A writing exercise I completed at the Medill-Northwestern Journalism Institute. I had about seven hours to report on Evanston’s annual Fourth of July Parade and write a color story about it. The photo was published by The Daily Northwestern.
“Girls, be careful with the balloons!” 33-year-old Eric Lieb turns towards a colorful swarm of about a dozen children in gymnastics uniforms, all of whom are rushing to tape streamers and balloons to a silver prius, which has its trunk open and a large pink sign that says, “KIT Gymnastics” taped to its front. The children shout and laugh amongst themselves, caught up in the flurry of excitement and noise that comprises Evanston’s 4th of July parade.
KIT Gymnastics, which walked in the parade on Saturday, holds classes and camps for approximately 165 gymnasts in Evanston over the course of each year. The program aims to leave its young participants with more than just gymnastics skills.
“We structure the program in a way that’s very holistic,” says Lieb, the director and head coach of the program. “We use a lot of positive coaching methods, and we try to instill as much self-confidence and as much self-motivation in the gymnasts that we can.”
6-year-old Bella, a KIT gymnast who declined to state her last name, immensely enjoys the program.
“I love that you can do whatever you want and everybody is nice to you and you meet new people,” Bella says. She wraps an uninflated balloon around and around her index finger as she speaks. Colorful sequins on her black tank top sparkle in the sun, as she and the rest of the group awaits their turn to join the steady stream of decorated trucks, cars and floats that trickles down Central Street.
10-year-old Jane, who also declined to give her last name, summed up what she has learned at KIT Gymnastics with, “Be confident. Don’t be scared to do anything.”
Lieb believes that gymnastics can also help children develop problem-solving skills and responsibility.

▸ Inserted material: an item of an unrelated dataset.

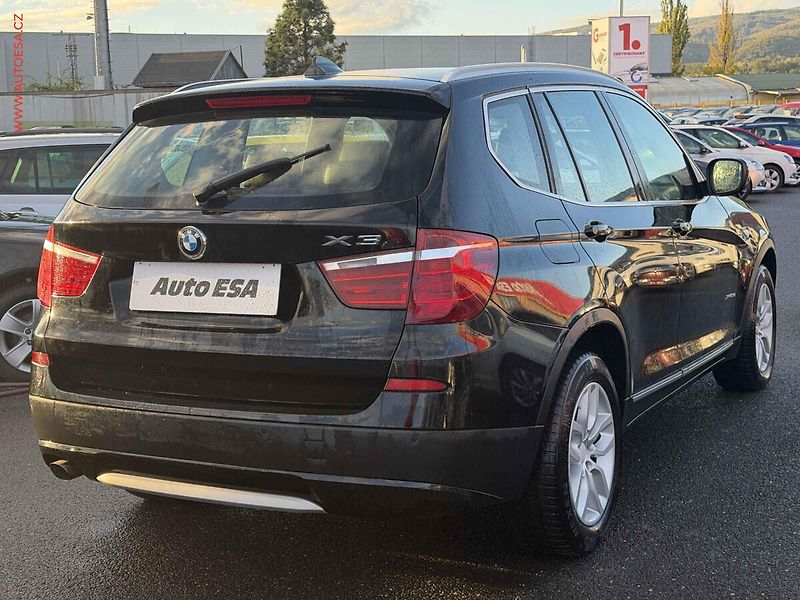 BMW X3 (2011) 2.0d xDrive 20d, Automat - fotka 4 z 19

“They learn to think a little more on their own, figure things out more on their own, and take ownership of what they’ve been doing,” he says. “They think they can do certain things that maybe they didn’t think they could do before. So I think that that could carry on to so many different aspects in life, both now and in the future.”

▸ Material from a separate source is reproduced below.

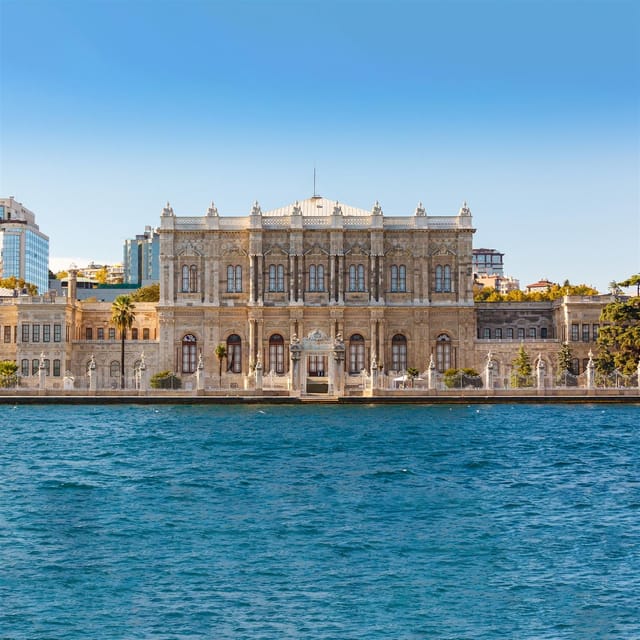 Istanbul: Bosphorus Cruise from Europe or Asia & Audio Guide - Ortaköy to Rumeli Fortress and the bridge views: Fortifications, chokepoints, and trade routes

At around 2 p.m., a large group of high school-age girls wearing orange shirts, white T-shirts and blue and orange hair ribbons comes to a halt in front of the KIT Gymnasts. As music blasts, the young women begin an energetic hip-hop dance routine. The young gymnasts cheer on the older girls with plenty of clapping and whoops.
The hip hop dancers, more commonly known as Evanston Township High School’s Pomkits, or spirit squad, are an inspiration for the athletes at KIT Gymnastics. They perform at their school’s football and basketball games, and also attend dance competitions. A few of them work as coaches in the KIT Gymnastics program.
“This team is all about unity,” says 17-year old Missy Joseph, who is team captain of the Pomkits.
By the time the Pomkits move farther down the street, the KIT gymnasts have grown restless. They run around, practicing their high kicks and cartwheels. A few take refuge from the sun by sitting on the pavement in a sliver of shade cast by Lieb’s prius. Music plays from speakers fixed to the top of the car, while someone’s dad blows bubbles. More entertainment comes at a quarter to 3 p.m. when the Jesse White Tumbling Team performs flips and somersaults using a mini trampoline, much to the delight of the KIT gymnasts.
Finally, at 10 minutes to 3 p.m., the KIT Gymnastics team gets the signal from a parade marshal that it is time for them to begin marching.
“Let’s get together, gymnasts!” Lieb shouts.
The entire group forms a clump in the middle of the street, as two girls hold a giant banner with “KIT Gymnastics” in front of the car.
After about five minutes of walking, Lieb sprints back to the trunk of his car and retrieves a mat, placing it in the middle of the street. As each gymnast performs a trick, whether it is a cartwheel, the splits, or a backbend, the crowds on either side of the street cheer, chanting, “You go girls!” Lieb is right there the entire time, crouching at the end of the mat. He claps for each and every one of them.